14-16 Haziran tarihleri arasında İstanbul'da gerçekleştirilen 31. İslam Konferansı Örgütü Dışişleri Bakanları Toplantısı yaklaşık iki hafta sonra yapılan NATO Zirvesi'nin gölgesi altında geçti. Bunun birinci sebebi; NATO Zirvesi'nin daha kapsamlı ve etkin yapıya sahip olması, katılımcı zevatın nüfuz ağırlığının olması. İkincisi ise; Amerika'nın mimarlığında hazırlanan Genişletilmiş Büyük Ortadoğu Projesi gibi yeni bir sömürge planının NATO'da pişirilmeye çalışılacak olması ve bunun geriliminin İKÖ'ye yansıması.
BM'den sonra nicelik bakımından dünyadaki en büyük örgüt olan İKÖ, 21 Ağustos 1969 tarihinde Mescid-i Aksa'nın bir Siyonist tarafından yakılmak istenmesinin İslam dünyasında oluşturduğu infial üzerine Rabat Zirvesi'nin (22-23 Eylül 1969) toplanması ile kuruluş sürecini başlatıyor. Zirvede alınan kararlar doğrultusunda 23-25 Mart 1970 tarihlerinde Cidde'de toplanan dışişleri bakanları, İslam ülkeleri arasında irtibatı sağlayıp faaliyetleri koordine edecek ve Kudüs kurtarılıncaya kadar merkezi Cidde'de bulunacak daimi bir sekreteryanın kurulmasına karar veriliyor. 29 Şubat – 4 Mart 1972 Cidde toplantısında da ilk taslak yapılan bazı değişikliklerle birlikte kabul ediliyor. İKÖ'nün amaçları arasında eşitsizliği ve sömürgeciliğin her çeşidini ortadan kaldırmak, mukaddes beldelerin kurtarılması için ortak çaba sarfetmek, Filistin halkının mücadelesini desteklemek ve onlara yardım etmek, Müslüman halkların bağımsızlık ve milli haklarını elde etmeleri için mücadelelerini desteklemek gibi maddeler var.
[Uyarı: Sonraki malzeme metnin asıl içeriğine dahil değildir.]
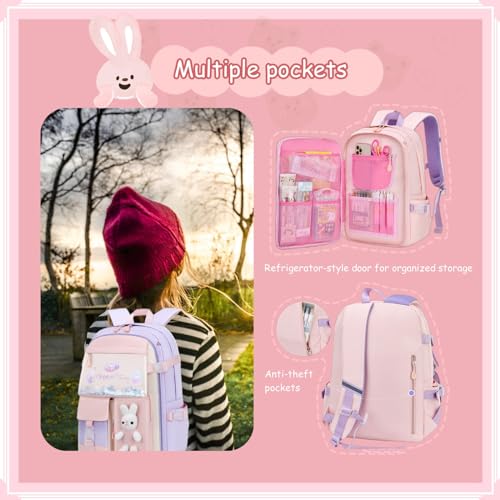 VIDOSCLA Bunny Girls Backpack for School Kawaii Kids Backpack Cute Sequin School Bag for Girls - Image 3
Ya da İKÖ bünyesindeki üç daimi komiteden birisinin ismi Kudüs Komitesi, özel komitelerden ikisinin ismi Filistin Komitesi ve İsrail'e Karşı Boykot Bürosu. İKÖ'nün kuruluşun üzerinden otuz yıldan fazla zaman geçmiş, yukarıda saydığımız amaçların pratiğe geçirilmesinde ise sadra şifa olacak gelişmeler yaşanmamış.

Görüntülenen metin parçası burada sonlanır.